Fabio Savi, con il fratello Roberto uno dei capi della banda della Uno bianca, dal carcere di Bollate scrive una lettera al Resto del Carlino, rivolgendosi alla ex compagna Eva Mikula. “Ti piacevano i bei vestiti, i gioielli, i migliori profumi, i bei ristoranti e quei maledetti soldi che portavo a casa”. Ma “io sono piuttosto stanco – scrive ‘il Lungo’, unico non poliziotto della banda – di essere un mezzo di notorietà e guadagno. E la protezione dovrei chiederla io da te e non tu da me”.
Il riferimento del testo, trasmesso dall’avvocato Fortunata Copelli, è alle parole di Mikula degli scorsi mesi, quando disse di sentirsi abbandonata, chiedendo aiuto e protezione. “Dici che hai paura – continua Savi – sembri un disco rotto che nessuno ascolta più”. E rispetto alle telefonate in Ungheria che Mikula dice di aver fatto, così da contribuire all’arresto dei killer, non si considera, per il detenuto, “che agli atti esistono dei tabulati. Dovresti ricordare che eri libera di andartene quando volevi”. “Credi di dire ciò che vuoi, nella convinzione che io sopporti sempre tutto, ma comincio a stancarmi dei tuoi giochi Eva, non voglio rivolgermi alla Procura. Ma se continui su questa strada, a malincuore la notorietà che tanto cerchi infangandomi senza ritegno, la troverai in tribunale”.

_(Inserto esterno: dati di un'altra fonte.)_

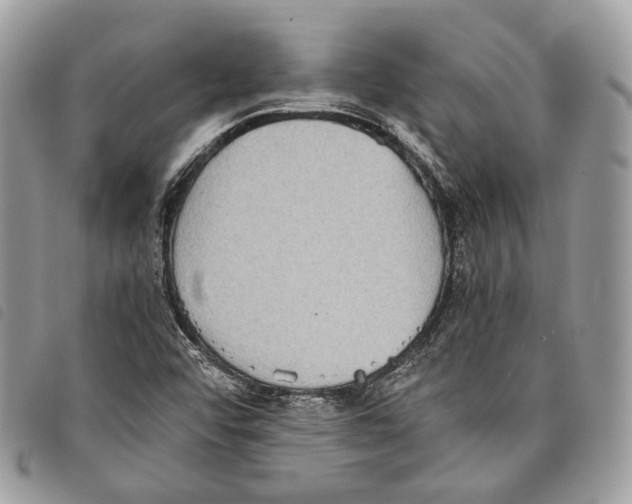 X0000097821456200804111004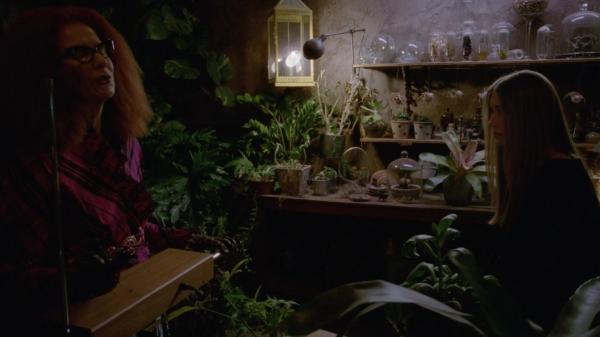 311-ProtectTheCoven-207.jpg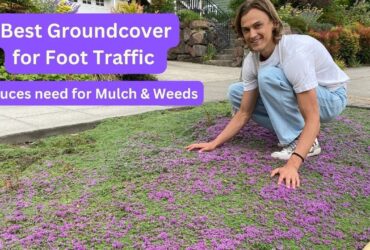 How To Creeping Thyme Ground Cover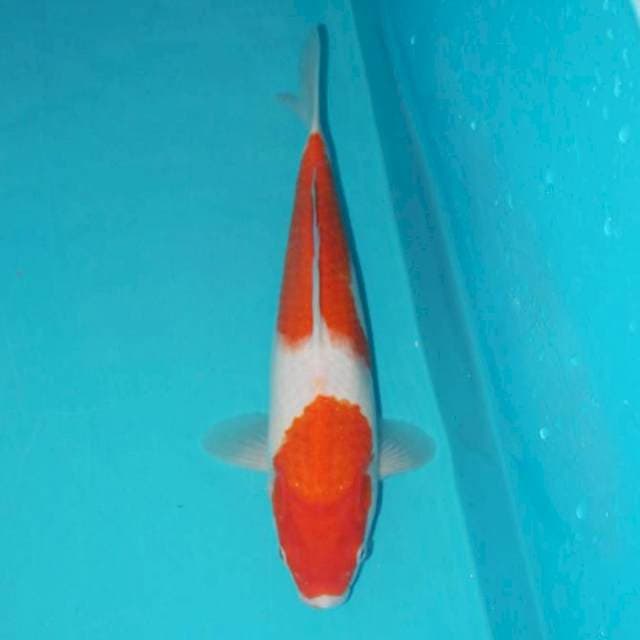 KOHAKU 2 STEP 29 CM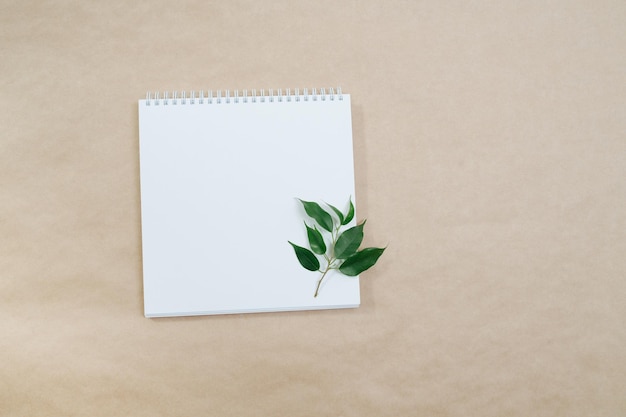 Maquete de caderno quadrado com galho de folhas no topo Sobre fundo de papel pardo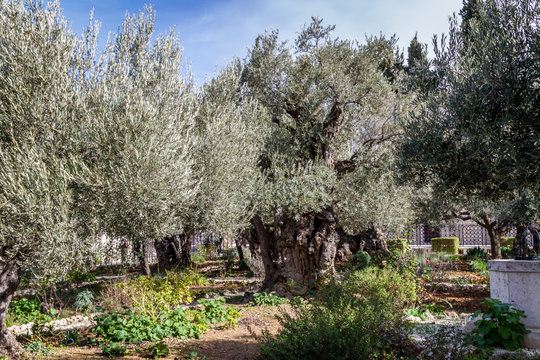 Old olive trees in the Garden of Gethsemane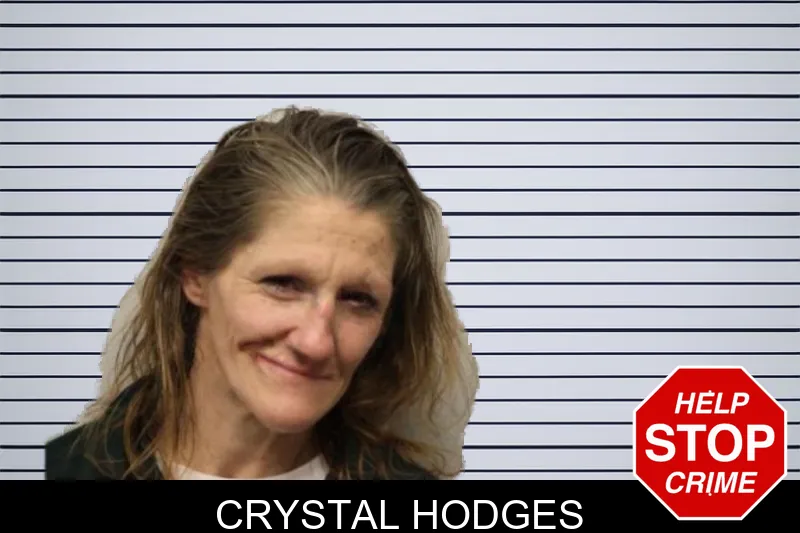 Crystal Hodges mugshot – Chatham County , Georgia Crystal Hodges mugshot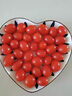 玲珑圣女果釜山88小番茄5斤樱桃小柿子迷你孕妇水果西红柿新鲜FF 2.5（带箱3斤） 实拍图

“Mi sento come 26 anni fa, diffamata e intimorita, mi sento minacciata da chi mi ha anche accusata di concorso in omicidi e rapine e ho subito vari processi per questo. Assolta in tre gradi giudizio”, commenta Mikula all’ANSA. “E mi dispiace non averlo denunciato per calunnia già allora. Soltanto chi ha intenzione a delegittimarmi e intimorirmi, può prendere in considerazione le parole di Fabio Savi”, aggiunge la donna, di cui a breve uscirà un libro dove racconta la ‘sua verità’ sui fatti della Uno Bianca. (ANSA).